Para evitar a colheita durante as temperaturas máximas da tarde, alguns agricultores trabalharam durante a noite.

As autoridades da região de Indre, no centro da França, que sofreu vários incêndios de campo desde o final de junho, proibiram o trabalho de campo entre 14h e 18h.

Alertas de integridade

Alguns especialistas alertaram que o calor intenso pode prejudicar a biodiversidade.

"No passado, vimos impactos como mortalidade em massa de espécies de invertebrados, morte de leitos de ervas marinhas e surtos de doenças em fazendas de mexilhões. É provável que vejamos impactos semelhantes deste evento", disse a cientista Kathryn Smith, da Associação de Biologia Marinha do Reino Unido, em um relatório da Reuters.

Em toda a Europa, alertas de saúde foram emitidos, levando residentes e turistas a encontrar maneiras de se refrescar.

Globalmente, o calor extremo ceifa até 480.000 vidas a cada ano, um número que supera as mortes combinadas de inundações, terremotos e furacões, conforme relatado pela Swiss Re.

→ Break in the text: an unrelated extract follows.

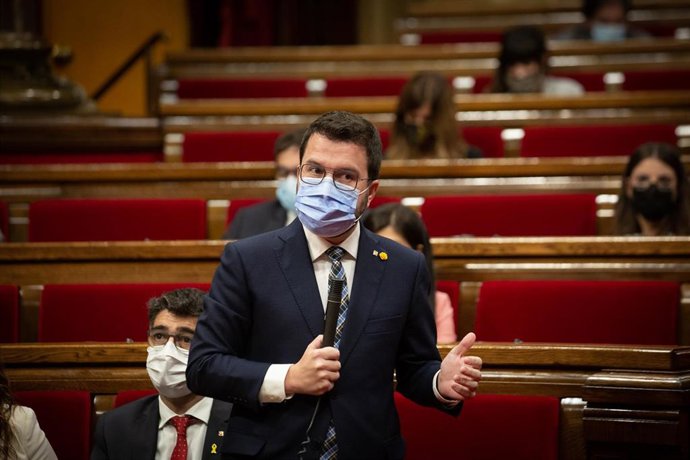 El president de la Generalitat, Pere Aragons, interviene en el pleno del Parlament. ARCHIVO.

A associação DGG da Alemanha para cuidados geriátricos afirmou que a maioria das regiões do país não está suficientemente preparada para uma onda de calor.

Clemens Becker, autor de um estudo realizado em nome do DGG, disse:

O desmatamento e as práticas industriais contribuem significativamente para as mudanças climáticas, embora a principal causa, segundo os cientistas, sejam as emissões de gases de efeito estufa da combustão de combustíveis fósseis.

O ano passado marcou o mais quente já registrado em nosso planeta.